Kendra menyenggol lengan gue, berbisik. "Kayaknya tempat itu pas deh buat bermalam. Gue kasihan sama Adara dan Meysha, mereka kelihatan capek banget."
Gue memandang menelisik tempat yang dimaksud Kendra. Sepertinya di sana aman, tanah di sana juga lumayan luas. "Iya, kita bermalam di sana," ucap gue sambil menunjuk tempat yang tadi disarankan Kendra.

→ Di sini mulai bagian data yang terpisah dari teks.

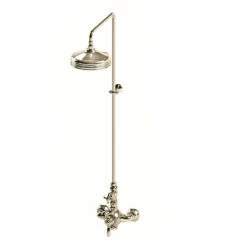 Thomas Crapper 1920 Exposed Thermostatic Shower Valve, Rigid Riser & Rose -UK Bathroom Supplies Sales Store thomas crapper nickel 1920 exposed thermostatic shower with rigid riser and shower rose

Wajah Adara dan Meysha langsung berubah menjadi cerah. Mengetahui, tak lama lagi kita akan beristirahat. Kami melanjutkan langkah menuju tempat yang dimaksud.
Adara dan Meysha langsung duduk di sana.
Sedangkan gue dan Kendra melepas tas untuk mencari kayu untuk perapian sebagai penerangan. Setelah selesai, Adara dan Meysha masing-masing mengambil satu buah anggur dari tas gue. Tidak masalah.
"Ya udah, kalian tidur aja. Biar gue yang jaga pertama, nanti gantian setiap dua jam sekali."
"Nanti kalau udah dua jam, bangunin gue aja ya, Ray," ujar Kendra sambil memberikan arloji yang ia bawa.
Gue mengangguk. "Siap."
Setelahnya, Adara dan Meysha berbaring, memejamkan mata. Begitu juga dengan Kendra, ia tidur di seberang tubuh Adara. Sedangkan gue, tengah duduk di dekat api unggun yang tadi telah berhasil dibuat oleh Kendra dengan sedikit bantuan dari gue. Gue membuka tas, mencari jaket dan segera memakainya. Jujur, gue belum merasakan ngantuk, tetapi tubuh gue cukup lelah. Untungnya, perjalanan kali ini kami belum menemukan kesulitan yang berarti.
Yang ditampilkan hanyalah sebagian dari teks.